» Work to be completed:
Two lines below mark the span: the one containing "Android Robot Mustache" and the one containing "Gold Luxury Bedding". Set down both, plus every line between, exactly as they stand, and nothing else.

» Data extracts:
┌──
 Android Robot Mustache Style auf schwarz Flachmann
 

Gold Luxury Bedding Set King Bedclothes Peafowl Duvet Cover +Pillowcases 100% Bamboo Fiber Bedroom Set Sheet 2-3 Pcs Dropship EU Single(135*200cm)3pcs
└──
┌──
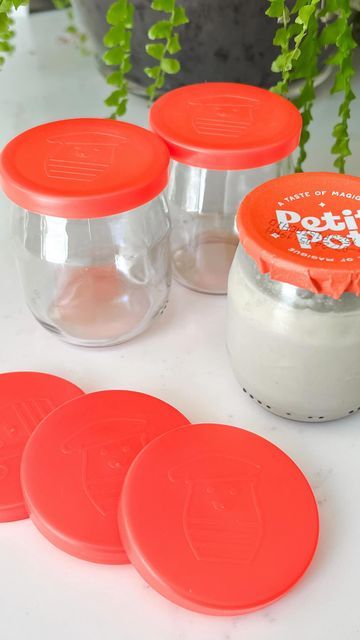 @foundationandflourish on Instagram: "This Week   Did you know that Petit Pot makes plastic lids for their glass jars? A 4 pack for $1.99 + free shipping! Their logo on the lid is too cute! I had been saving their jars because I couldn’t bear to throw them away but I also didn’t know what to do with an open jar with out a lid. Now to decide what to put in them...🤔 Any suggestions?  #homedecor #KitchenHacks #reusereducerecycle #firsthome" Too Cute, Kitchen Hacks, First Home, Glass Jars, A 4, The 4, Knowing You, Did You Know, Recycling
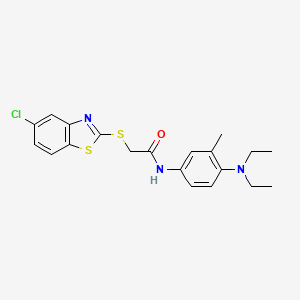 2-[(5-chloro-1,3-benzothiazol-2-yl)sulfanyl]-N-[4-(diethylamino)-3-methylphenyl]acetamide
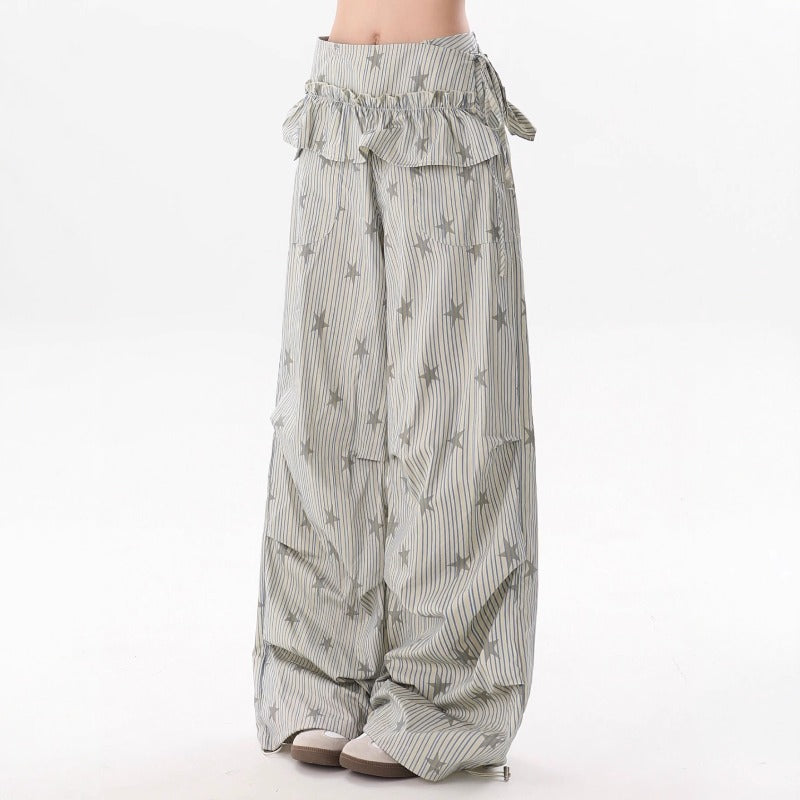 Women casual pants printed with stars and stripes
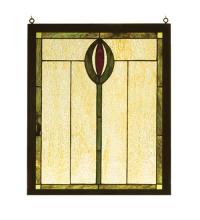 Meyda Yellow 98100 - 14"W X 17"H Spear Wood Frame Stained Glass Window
└──
┌──
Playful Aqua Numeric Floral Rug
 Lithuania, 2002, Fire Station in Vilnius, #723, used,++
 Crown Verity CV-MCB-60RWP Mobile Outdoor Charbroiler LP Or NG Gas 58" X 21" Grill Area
└──
» Result for this task:
 Android Robot Mustache Style auf schwarz Flachmann
 

Gold Luxury Bedding Set King Bedclothes Peafowl Duvet Cover +Pillowcases 100% Bamboo Fiber Bedroom Set Sheet 2-3 Pcs Dropship EU Single(135*200cm)3pcs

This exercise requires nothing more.